1. fizik doğadan aldığımız ampirik bilgiler üzerine kurulu matematiksel bir yapıdır. bu ampirik bilgiler bizim postülatlarımızı (temel varsayımlar) oluşturmamıza yardımcı olur. doğru postülatların neler olduğunu hiçbir zaman bilemeyebiliriz ancak ne olmadıklarını deney yardımıyla gösterebiliriz. newton'ın postülatlarından biri, üzerine kuvvet etki etmeyen bir cisim duruyorsa durmaya, hareket ediyorsa aynı çizgi üzerinde sabit hızla hareket etmeye devam eder der. bu bilgi bize ilköğretim, lise çağlarında verildiğinde pek sorgulamayız çünkü o zamana kadar etrafımızdaki cisimler gerçekten de buna uygun şekilde hareket etmiştir. benzeri şekilde ivmenin kuvvetle doğru, kütleyle ters orantılı olduğu (f=ma) aklımıza yatar çünkü yaşamımız boyunca ağır cisimleri daha zor hızlandırmışızdır. ancak einstein bunun doğru olmadığını; kuvvet, momentum, enerji gibi kavramların arasındaki ilişkilerin sandığımızdan daha karmaşık olduğunu göstermiştir. postülatlar evreni matematiksel olarak modellememizi sağlayan ampirik çıkış noktalarıdır ve değişime tabidir.

    pek çoğumuzun thomas young'ın çift yarık deneyi üzerinden tanıdığı kauntum mekaniği ise newton mekaniğinin aksine sezgilerimize aykırıdır, çünkü sezgilerimiz çevremiz tarafından şekillenmiştir ve kuantum mekaniğinin etkileri bizim makro dünyamızda gözlenemez. ancak evrende klasik mekaniğin postülatları ve deterministik yapısı ile açıklanamayan fiziksel fenomenler mevcuttur (ışığın dalga davranışı vb.), kuantum mekaniği de bunları açıklar. açıklar burada doğru bir kelime değil aslında. nasıl klasik mekanik iki kütlenin birbirini neden çektiğini açıklamıyor hangi kurallar altında çektiğini ifade etmeye çalışıyorsa kuantum mekaniği de benzer şekilde olayların neden olduğunu açıklamaz onları matematiksel bir modele oturtmaya uğraşır. nasıl newton'ın postülatlarının bize anlatılması üzerine, neden ivme kuvvet ile doğru orantılı diye sormadıysak aynı şekilde birazdan bahsedeceğim kuantum mekaniği postülatlarına da sormamalıyız. burada neden sorusunu değersizleştirmiyor ya da anlamsız olduğunu iddia etmiyorum, aksine çok önemli buluyorum. ancak bugün itibariyle bu sorular fiziğin değil felsefenin, metafiziğin sorularıdır.

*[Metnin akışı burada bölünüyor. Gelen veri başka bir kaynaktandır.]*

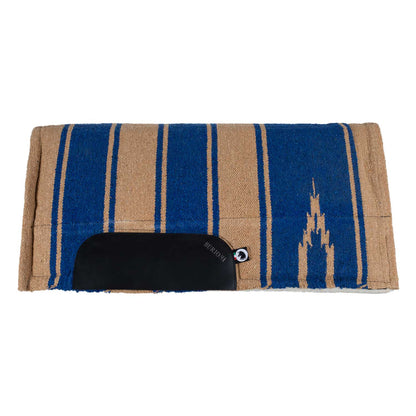 WESTERN SADDLE PAD NAVAJO NEOPRENE INSERTS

    yukarıdaki iki paragrafın olgulardan oluşuyormuş gibi yazılmış olmasına bakmayın, birtakım olgular içerdiği gibi bir kısmı da şahsi kanaatimdir ve tartışmaya son derece açıktır. yazının buradan sonrası için ise giriş seviyesi lineer cebir bilgisi gerekmektedir ve bilgilerin büyük kısmı tekin dereli'nin kuantum mekaniği kitabına dayanmaktadır. en azından vektör uzayı, lineer işlemci, özdurum (eigenstate), özdeğer (eigenvalue), baz (basis) kavramlarının bilinmesi yazının kalanının anlaşılması açısından önemli. istek olursa bu giriyi düzenleyerek bunları da elimden geldiğince açıklayabilirim.

    kuantum mekaniğinin bazı postülatları şu şekildedir:

    -iyi tanımlanmış (well-defined) her fiziksel gözlemlenebilire karşılık gelen bir lineer hermite-sel (hermitian) işlemci vardır.

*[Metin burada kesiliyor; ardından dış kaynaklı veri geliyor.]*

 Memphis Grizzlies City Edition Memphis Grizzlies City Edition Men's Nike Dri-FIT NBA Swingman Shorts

    -bir gözlemlenebilirin kesin ölçümünün sonucu, o gözlemlenebilire karşılık gelen işlemcinin özdeğerlerinden biri olabilir.

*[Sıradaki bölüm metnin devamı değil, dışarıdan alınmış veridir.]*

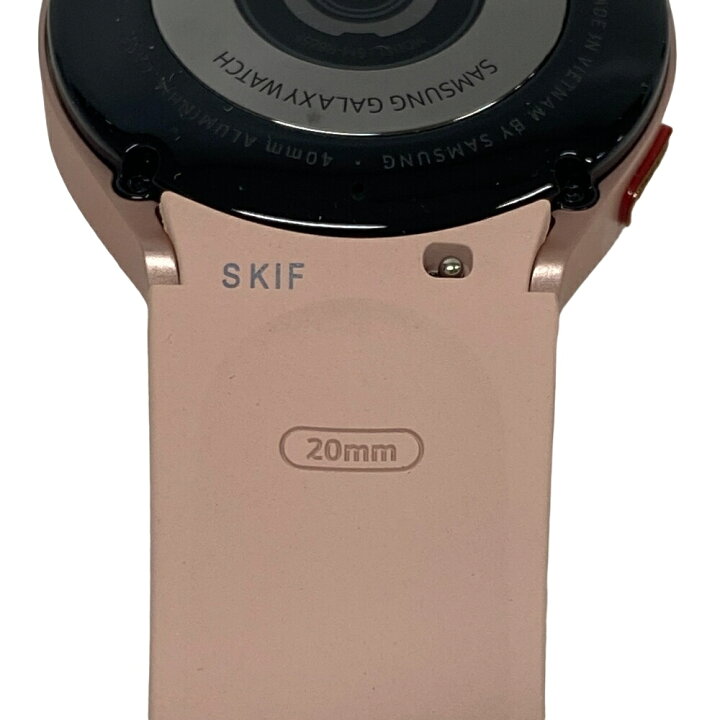 楽天市場】【すぐ使える5％OFFクーポン】 SMR865ZD 40mm GalaxyWatch4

    yani mesela bir kuantum sistemin enerjisini ölçmek istiyorsunuz. enerji fiziksel bir gözlemlenebilir olduğundan ona karşılık gelen bir işlemci vardır, enerji işlemcisinin özel adı hamilton işlemcisidir. sisteminizin durumu bir durum vektörü (state vector) ile tarif edilir. eğer bu durum vektörü bir özdurumsa, kesin bir ölçüm yaptığınızda ölçeceğiniz değer kesinlikle hamilton işlemcisinin bu özduruma karşılık gelen özdeğeridir. fakat sisteminizin durum vektörü bir özdurum vektörü olmak zorunda değildir. işte kuantumun çok bilinen olasılıksal, indeterministik yapısı da burada ortaya çıkıyor. sisteminiz bir özdurumda olmasa bile, işlemciniz lineer hermite-sel bir işlemci olduğundan özdurum vektörleri ortonormaldir (orthonormal) ve herhangi bir durum vektörünüz de bu özdurum vektörlerinin gerdiği (span) vektör uzayının bir elemanıdır. bu yüzden her durum vektörü özdurum vektörlerinin bir lineer kombinasyonu olarak ifade edilebilir. işte böyle bir durum için kesin bir ölçüm yapıldığında elde edilecek değer yine ancak işlemcinin özdeğerlerinden birine eşit olabilir. fakat bir özdeğerin ölçülme ihtimali, ona karşılık gelen özdurumun lineer kombinasyon katsayısının mutlak değerinin karesine eşittir.